I'm using Airflow for some ETL things and in some stages, I would like to use temporary tables (mostly to keep the code and data objects self-contained and to avoid to use a lot of metadata tables).
Using the Postgres connection in Airflow and the "PostgresOperator" the behaviour that I found was: For each execution of a PostgresOperator we have a new connection (or session, you name it) in the database. In other words: We lose all temporary objects of the previous component of the DAG.
To emulate a simple example, I use this code (do not run, just see the objects):
import os
from airflow import DAG
from airflow.operators.postgres_operator import PostgresOperator
default_args = {
'owner': 'airflow'
,'depends_on_past': False
,'start_date': datetime(2018, 6, 13)
,'retries': 3
,'retry_delay': timedelta(minutes=5)
}
dag = DAG(
'refresh_views'
, default_args=default_args)
# Create database workflow
drop_exist_temporary_view = "DROP TABLE IF EXISTS temporary_table_to_be_used;"
create_temporary_view = """
CREATE TEMPORARY TABLE temporary_table_to_be_used AS
SELECT relname AS views
,CASE WHEN relispopulated = 'true' THEN 1 ELSE 0 END AS relispopulated
,CAST(reltuples AS INT) AS reltuples
FROM pg_class
WHERE relname = 'some_view'
ORDER BY reltuples ASC;"""
use_temporary_view = """
DO $$
DECLARE
is_correct integer := (SELECT relispopulated FROM temporary_table_to_be_used WHERE views LIKE '%<<some_name>>%');
BEGIN
start_time := clock_timestamp();
IF is_materialized = 0 THEN
EXECUTE 'REFRESH MATERIALIZED VIEW ' || view_to_refresh || ' WITH DATA;';
ELSE
EXECUTE 'REFRESH MATERIALIZED VIEW CONCURRENTLY ' || view_to_refresh || ' WITH DATA;';
END IF;
END;
$$ LANGUAGE plpgsql;
"""
# Objects to be executed
drop_exist_temporary_view = PostgresOperator(
task_id='drop_exist_temporary_view',
sql=drop_exist_temporary_view,
postgres_conn_id='dwh_staging',
dag=dag)
create_temporary_view = PostgresOperator(
task_id='create_temporary_view',
sql=create_temporary_view,
postgres_conn_id='dwh_staging',
dag=dag)
use_temporary_view = PostgresOperator(
task_id='use_temporary_view',
sql=use_temporary_view,
postgres_conn_id='dwh_staging',
dag=dag)
# Data workflow
drop_exist_temporary_view >> create_temporary_view >> use_temporary_view
At the end of execution, I receive the following message:
[2018-06-14 15:26:44,807] {base_task_runner.py:95} INFO - Subtask: psycopg2.ProgrammingError: relation "temporary_table_to_be_used" does not exist
Someone knows if Airflow has some way to retain the same connection to the database?

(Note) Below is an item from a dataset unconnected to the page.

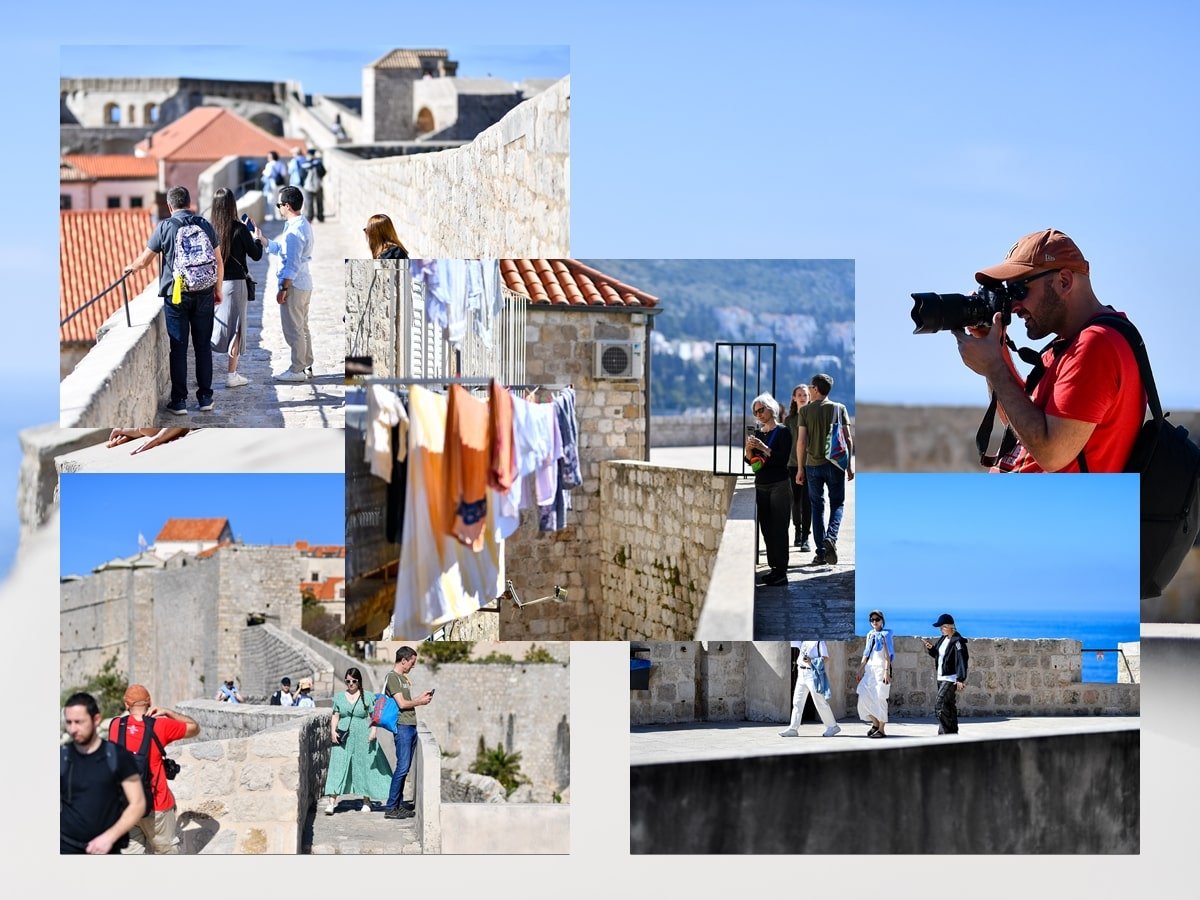 Foto / TURISTI UŽIVAJU U RAZGLEDANJU ZIDINA I GRADA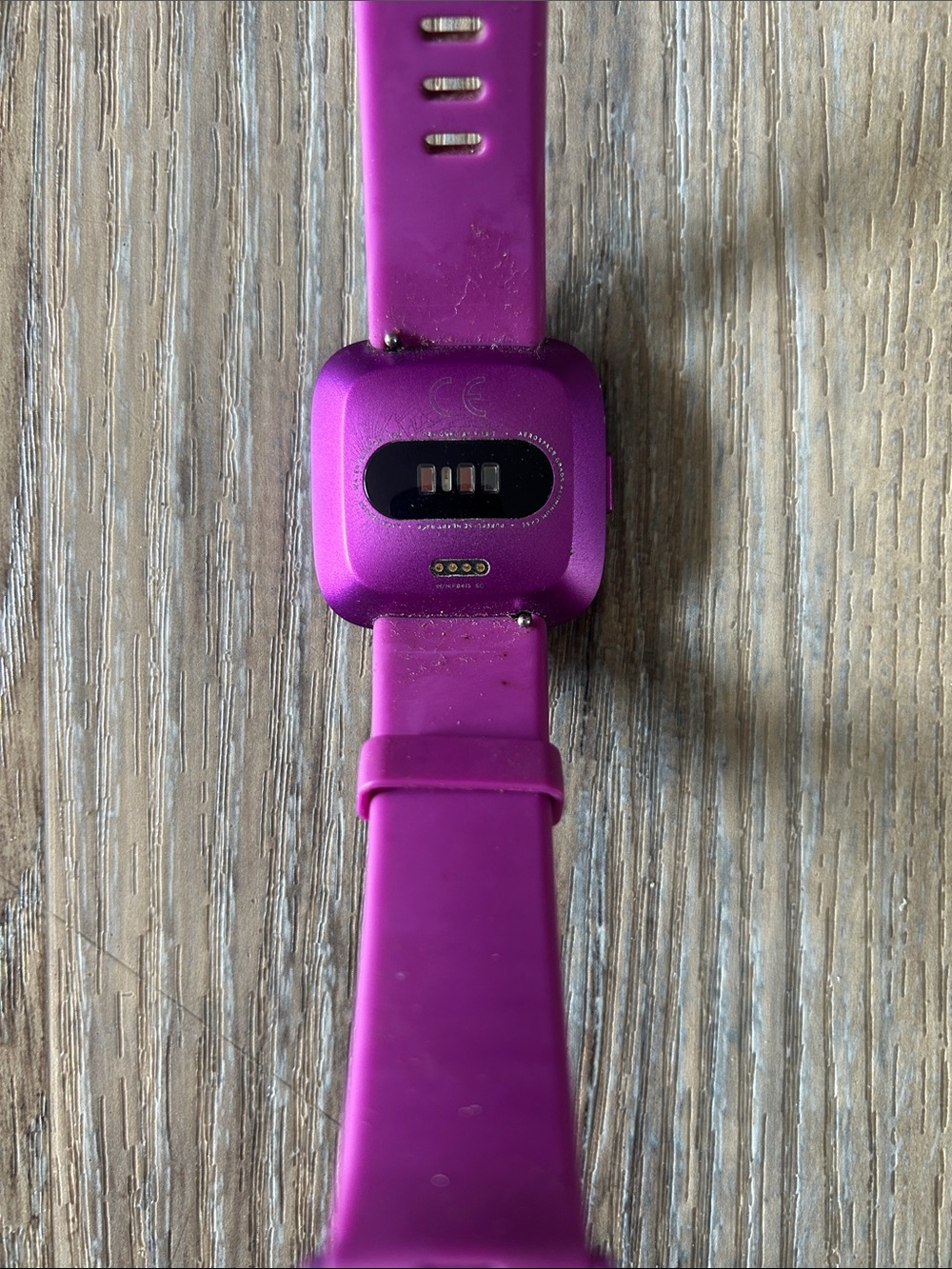 Fitbit smartwatch - Picture 6 of 7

I think it can save a lot of work in creating/maintaining several objects in the database.
You can retain the connection to the database by building a custom Operator which leverages the PostgresHook to retain a connection to the db while you perform some set of sql operations.
You may find some examples in contrib on incubator-airflow or in Airflow-Plugins.
Another option is to persist this temporary data to XCOMs. This will give you the ability to keep the metadata used with the task in which it was created. This may help troubleshooting down the road.